Twenty-years in the making, 70 Acres in Chicago tells the story of the Cabrini Green public housing development located on the most hotly contested 70 acres of land in Chicago. With its prime central location, Cabrini Green was initially hailed as a public housing triumph, then more recently demonized as an urban disaster. It was demolished, bit and bit, beginning in 1995, and repackaged as a “mixed income” development. The mainly black residents of Cabrini were forced out, though there is still a remnant of Cabrini in the row houses. The few residents who were able to move into the highly relegated mixed income settlement, are negotiating through an unwelcoming cultural territory. These encounters, between the former Cabrini residents, and the new white middle-class homeowners comprise the very real tensions of a newly constructed community in transition. The film uses personal stories, expert commentary, and informative history to celebrate the spirit of a unique community and to mourn its betrayal and destruction. (Synopsis: Gene Siskel Film Center)

We began filming in 1995, during the fiery protests to save public housing. We gained the trust of the residents and they began sharing their stories of a close-knit, complicated community. Our camera followed their struggle to remain, culminating in moving vans and wrecking balls.

In 2001, we released Voices of Cabrini to honor their struggle. That film was very successful in helping to create dialogue about issues of race, class, and housing. However the last line of that short film was… “the story continues…”

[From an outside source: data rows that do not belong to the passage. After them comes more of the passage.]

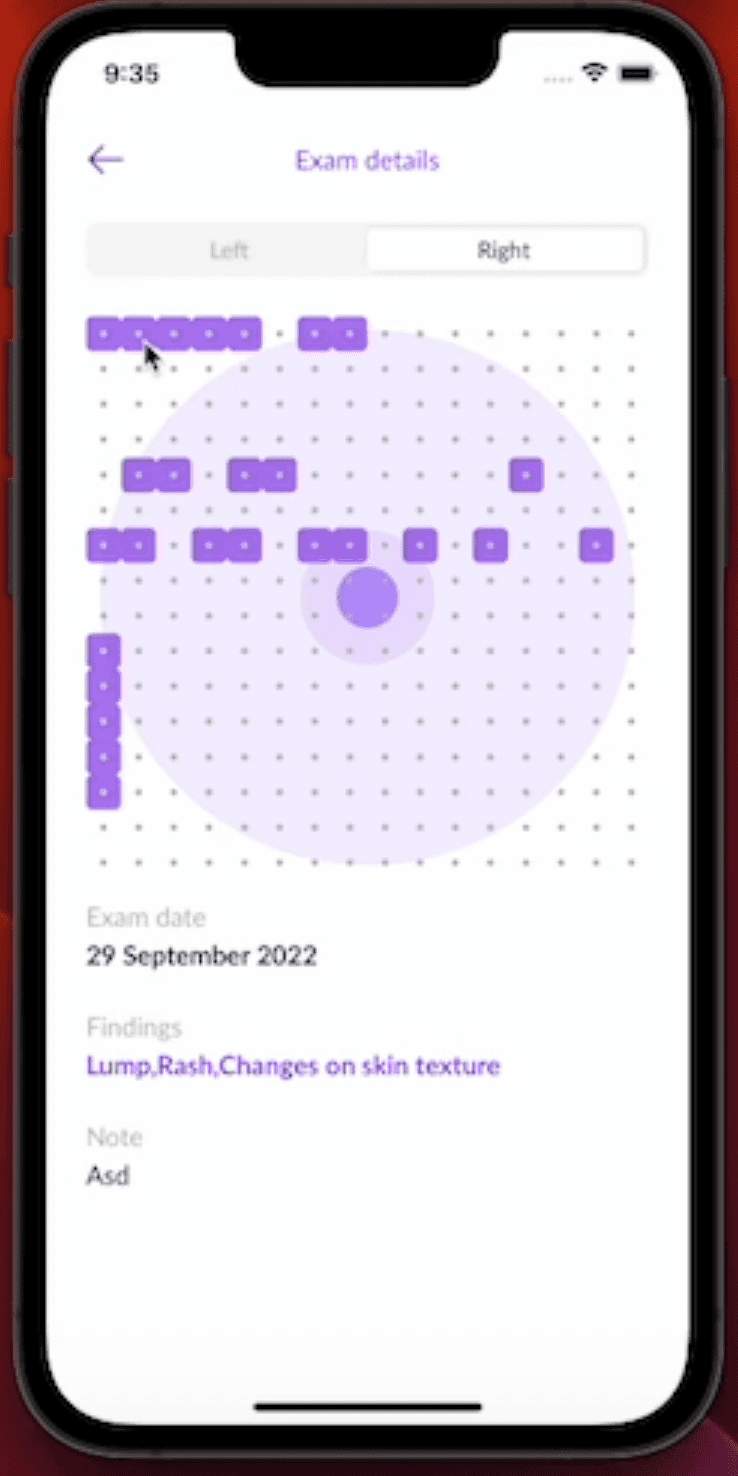 Triwi exam grid with multiple findings marked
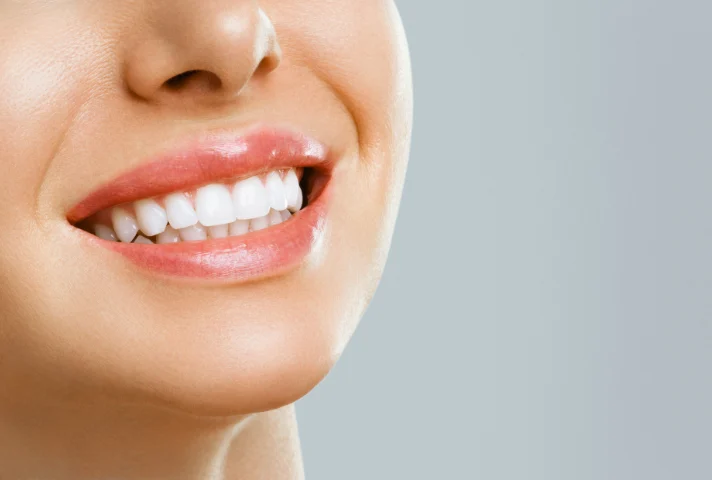 Teeth Whitening - Dream Smilez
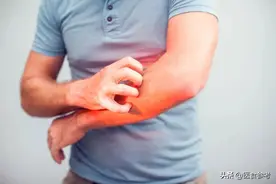 身上这3处痒，可能是癌症来了图片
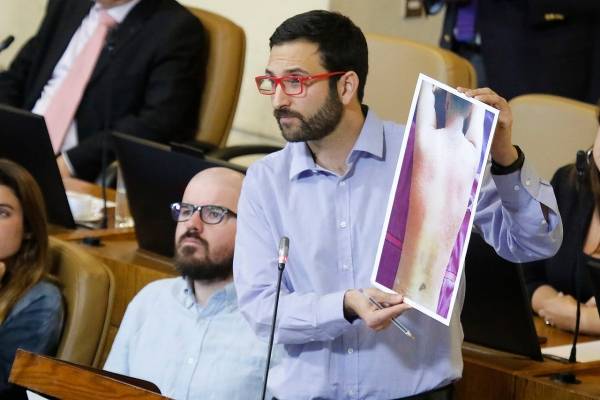 Diputado Crispi mostrando fotos de quemaduras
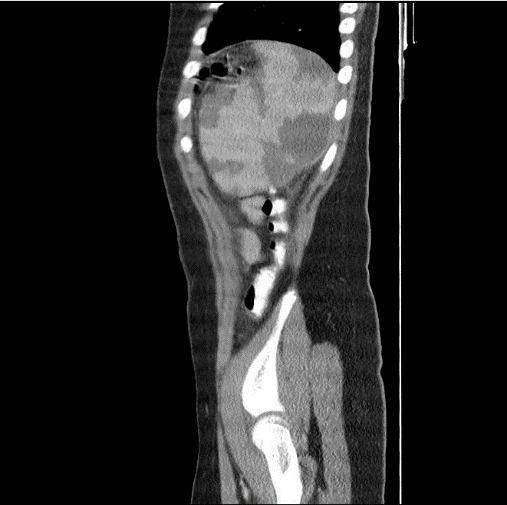 Figure 2: Splenic infarcts are also resolved with hyperechoic scars the largest one measuring 1.6 × 0.8 cm only.
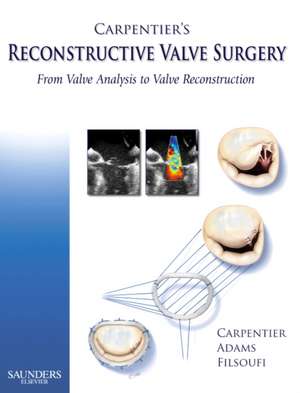 Carpentier's Reconstructive Valve Surgery de Alain Carpentier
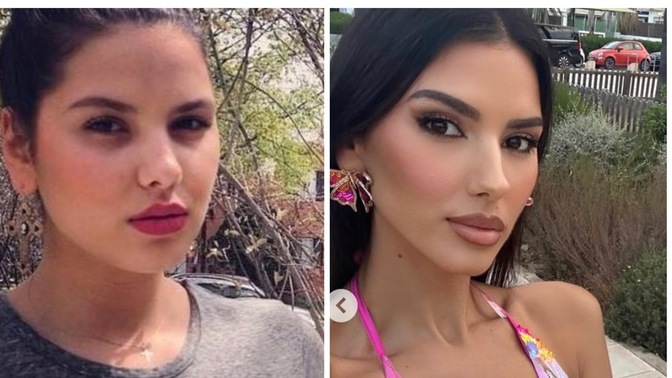 Did everyone else know that the model Jehona Dreshaj has had lots of plastic surgery, and heavily facetunes/photoshops her photos and videos?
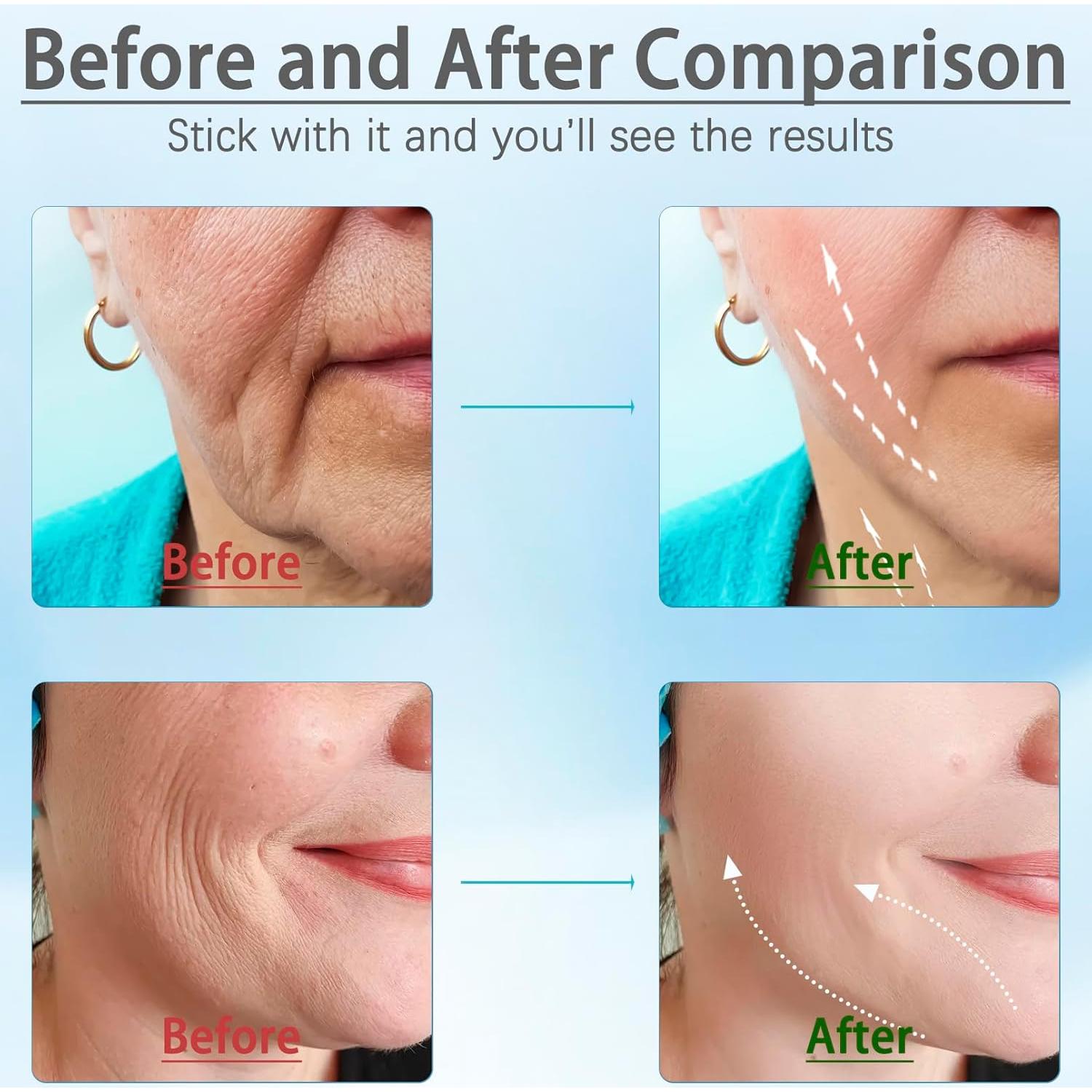 Masajeador Facial y de Cuello JURP ES-1081 con 3 LED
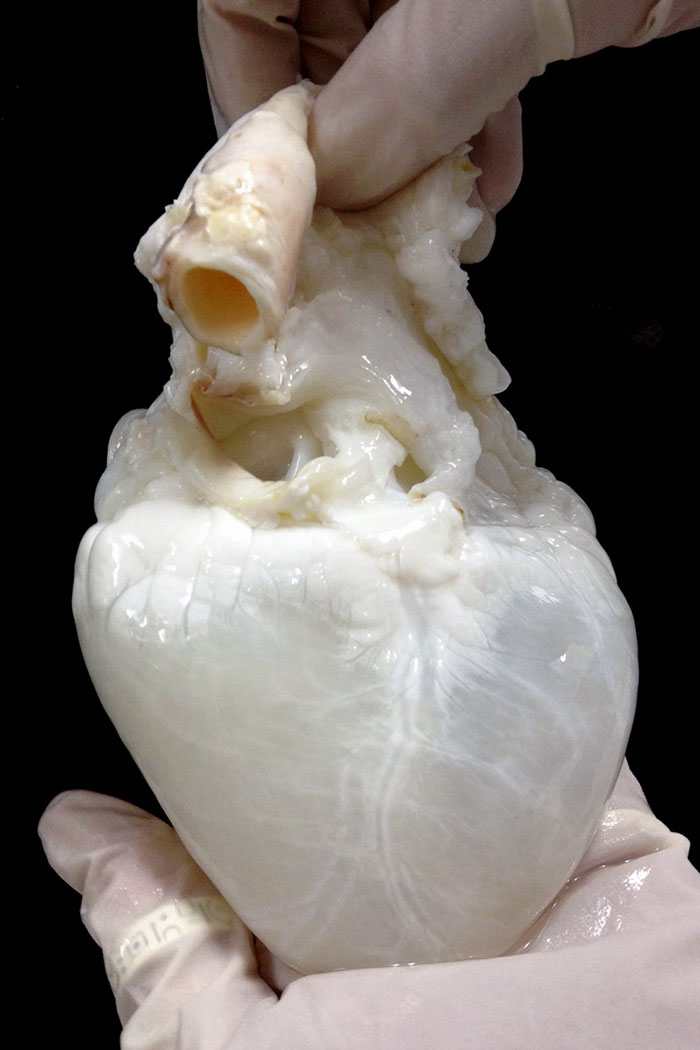 This Is How A Cleaned Heart Looks Like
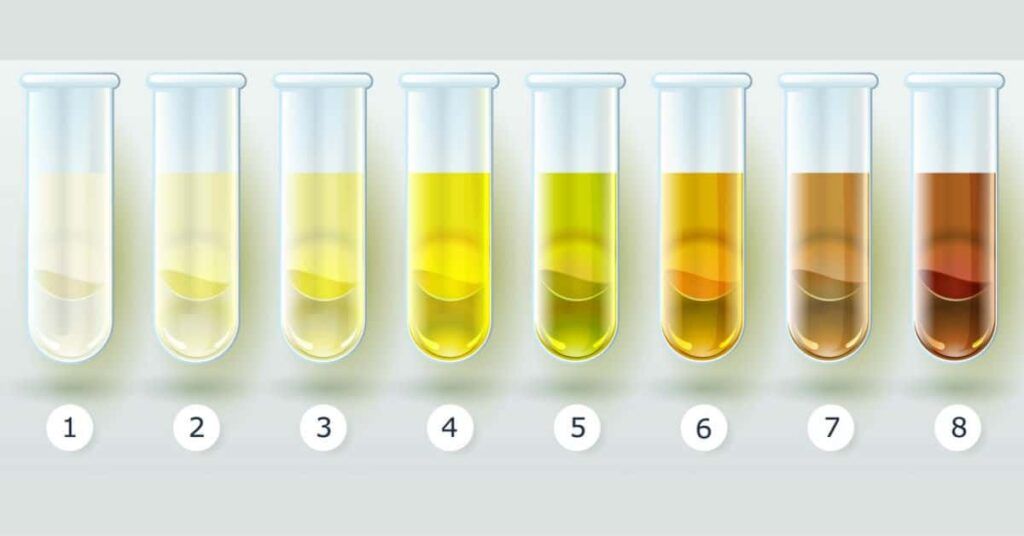 トラタミエント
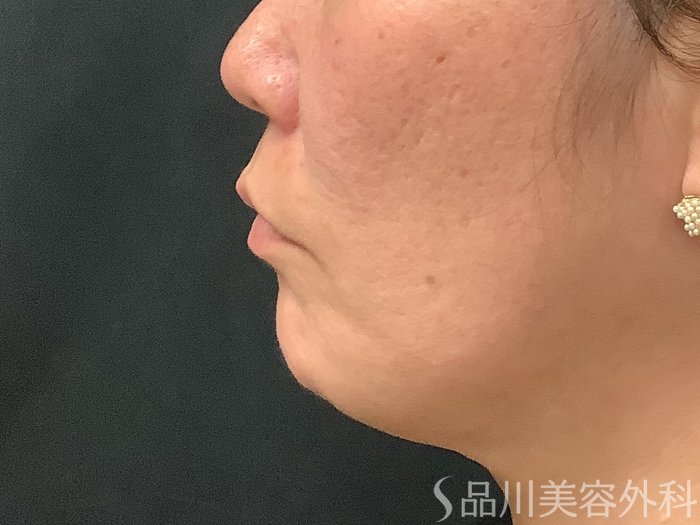 症例NO.67791のBEFORE写真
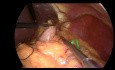 Fundoplication de Nissen laparoscopique avec renforcement hiatal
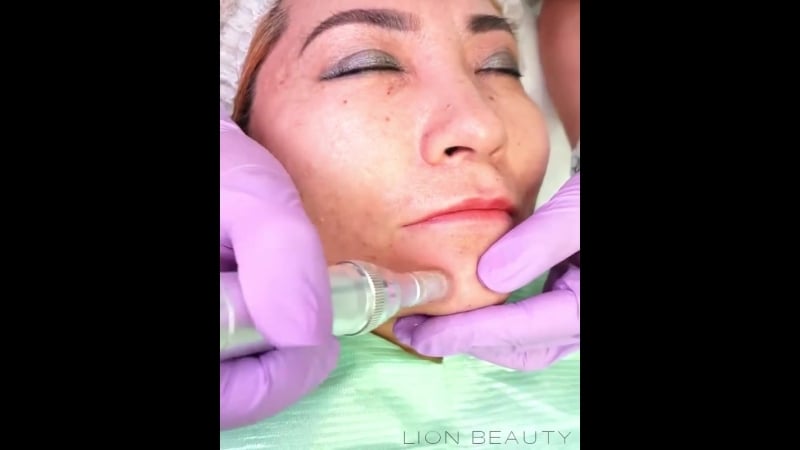 Выравнивание кожного рельефа с помощью препарата "лаеннек"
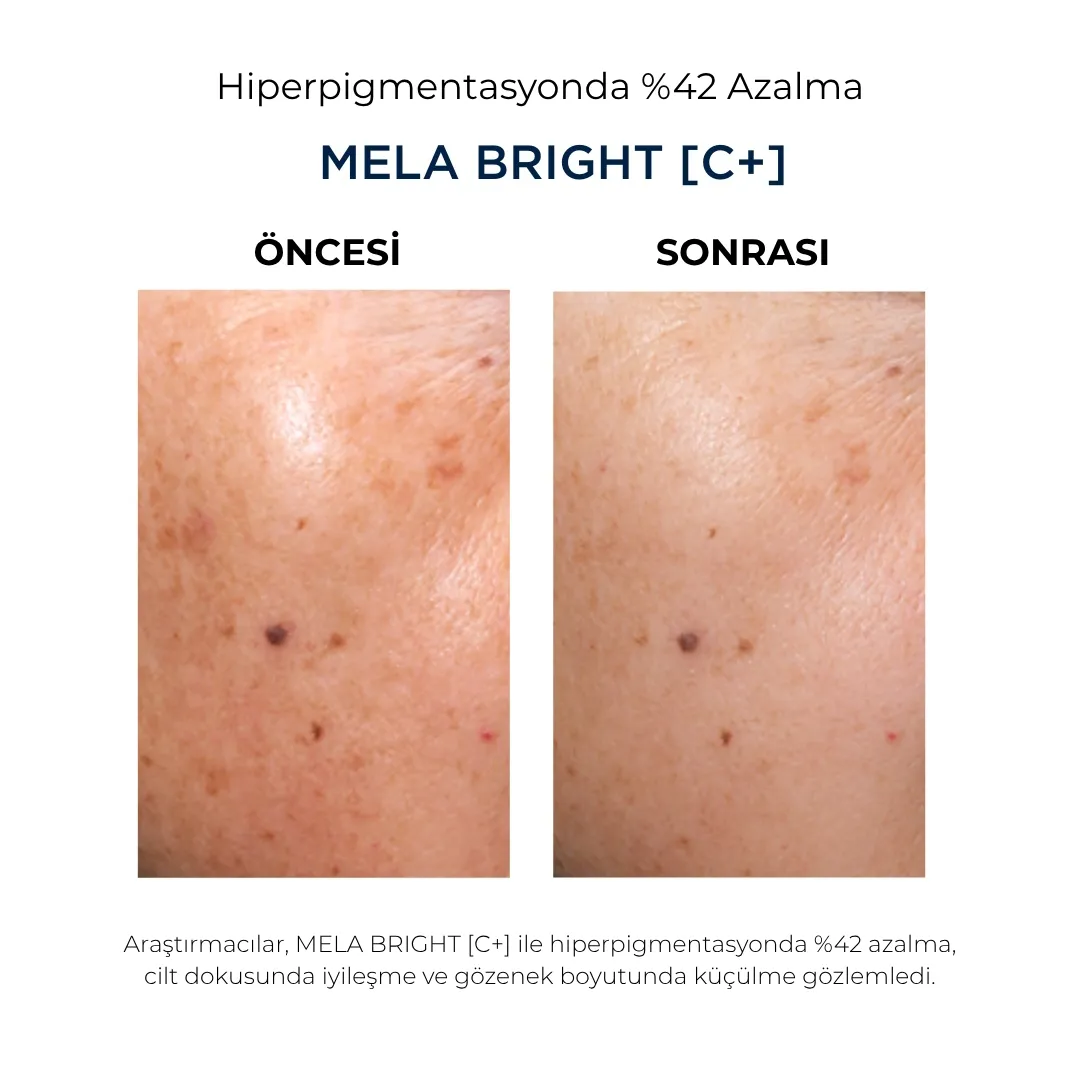 MELA BRIGHT (C+) SERUM 30 ml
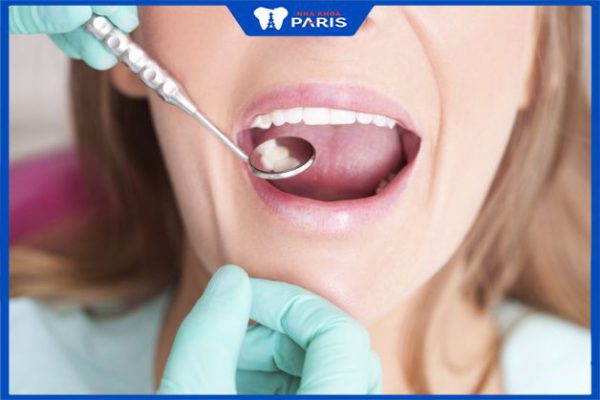 Top 10 bệnh về răng miệng thường gặp nhất mà bạn không thể bỏ qua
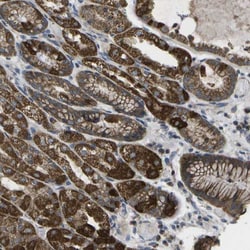 DPM3 Antibody, Novus Biologicals 0.1mL; Unlabeled:Antibodies, Polyclonal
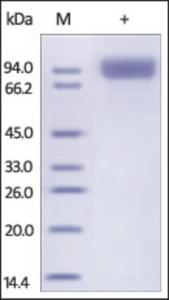 The purity of rh CD10 / MME was determined by DTT-reduced (+) SDS-PAGE and staining overnight with Coomassie Blue.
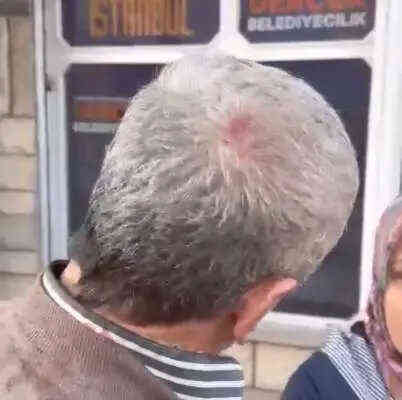 Maltepe'de broşür dağıtan AK Partiliyi darp eden 6 kişi gözaltına alındı Maltepe'de broşür dağıtan AK Partiliyi darp eden 6 kişi gözaltına alındı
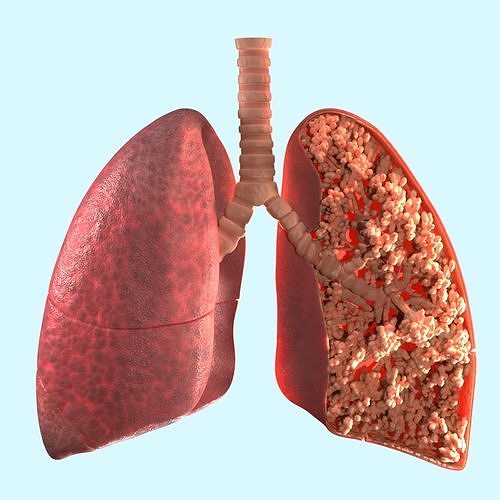 lungs 3D model 3D model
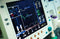 EKG & ECG Buyers Guide: Tips for Finding the Right One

We were not done yet, nor were the residents, nor was the story that was unfolding. We continued to film.

70 Acres in Chicago is not about saving Cabrini. Instead, this film follows the redevelopment story over the following two decades, as families struggle with the impact of social engineering on their community and personal lives. By putting faces to the story of a mixed-income community, and documenting how people negotiate questionable political policy, the film provides a lens for analyzing the larger picture of economic and racial injustice. Yet it is the people of the Cabrini Green community that stay in sharp focus.

A startling case study into the making and destruction of one of Chicago’s most infamous public housing projects.”